The “Gong Girl” is all grown up. Mark Gong’s fall 2025 collection got the first full day of Shanghai Fashion Week going today. We saw no would-be viral runway stunts, and the clothes were decidedly more mature—there were almost no cargo pants in sight, even if he couldn’t stay away from a party corset or two.
All that said, Gong’s turning a new leaf didn’t make his presentation less entertaining. He lined his set with mirrors to reflect his strobe lights and covered the floor with copies of “The Markgong News,” a satirical tabloid he created documenting the comings and goings of his “Gong Girls,” calling back to the celebrity rags of the 2000s. Backstage he name-checked aughts It-girls and paparazzi catnip Paris Hilton, Lindsay Lohan, and Kim Kardashian, as references. (Fashion’s current obsession with newspapers has made its way to Shanghai after showing up in London and Paris.)

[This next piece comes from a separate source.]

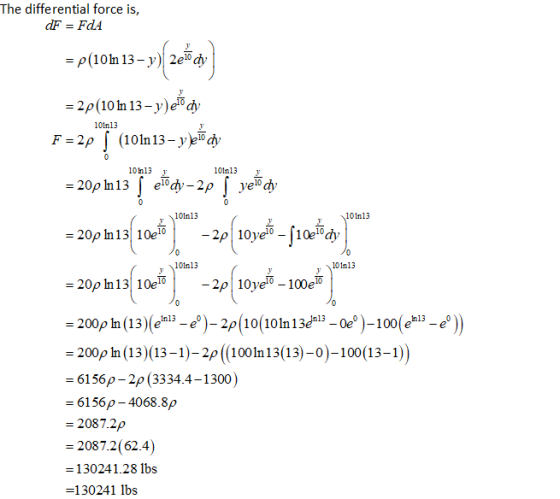 The differential force is, -2ρ(10h13-ylera. 101n13 y 101n13 101n13 -20p h 13 10e10 101n13 101n13 20p In 13 10eo 200p In (13)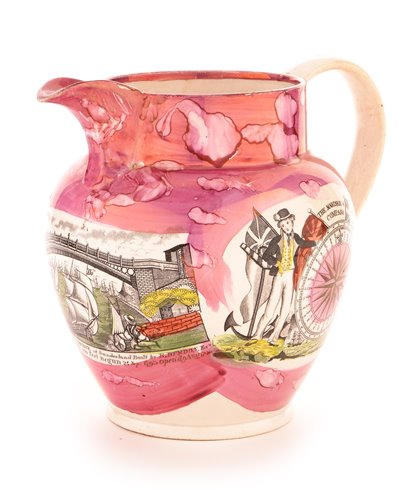 Lot 165 - A Sunderland pottery pink splash lustre jug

“We [dressed] good celebrities early on, so this season we thought of looking into the It-girls that really influenced many of us,” he explained. Gong has outfitted Rihanna, Sabrina Carpenter, Doja Cat, and Olivia Rodrigo, among others, the most recent being Lisa for the 2025 Oscars. Rather than remaking some of the Y2K staples that Hilton et al. wore back then (“I hate that term!” He quipped at the mere suggestion), Gong considered their wardrobes, and the women, more expansively. The only direct reference was a slogan tee that read “I love Mark Gong, money, and boys,” which his fans will appreciate.
“People called them bad girls because they partied or got drunk,” or because there was a sex tape or two involved, Gong reflected, “but look at them now, they’re flawless!” he continued, referring to Lohan’s comeback and Hilton’s successful lobbying in US congress. The culture now sees these women with more nuanced eyes, and Gong is part of the generation that owns this point of view: “We are not trying to tell ‘Gong Girls’ they have to be ‘good’ or that they can’t do this or that, they can just be themselves.”

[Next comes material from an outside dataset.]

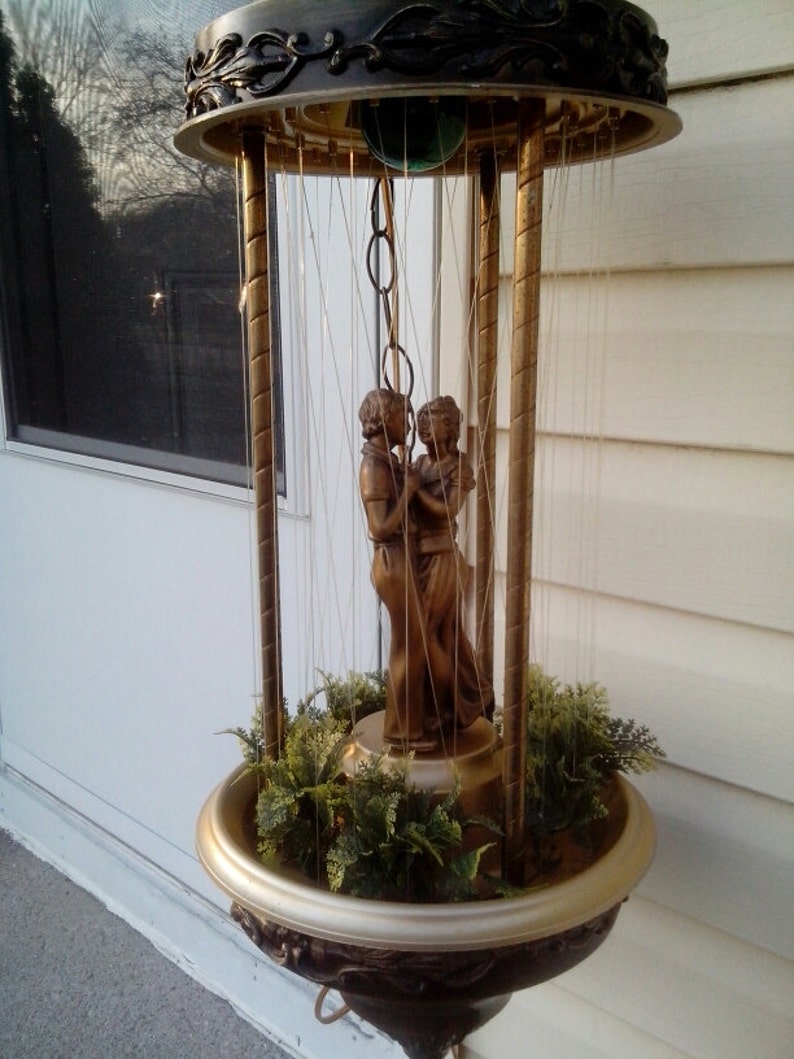 Large vintage oil rain lamp a couple dancing Etsy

The show started with a dressier-than-usual section by Gong’s standards: Black fringed coats and ponchos with trousers and skirts to match looked like runway versions of Lisa’s elongated jacket and shirt dress. From there, he loosened up, revealing a well-rounded wardrobe proposition that showcased a newfound maturity. The tailoring was a particular standout. To his credit, he balanced his vertiginously high stiletto boots and micro shorts with everyday cardigans and comfy, roomy slacks.
At times the show styling leaned on other brands’ vernaculars—a colleague drew comparisons to the work of a Milan-based, Canadian duo. Gong needs not to rely on such tropes, he’s doing fine building his own vision as the designer on the SHFW calendar making the most noise abroad. Following his Academy Awards hit with Lisa, Gong had some of his models carry Oscar statuettes. Be it a well-earned brag or some future manifestation, one thing is certain—Gong has his sights set on bigger things, and the ambition to get there.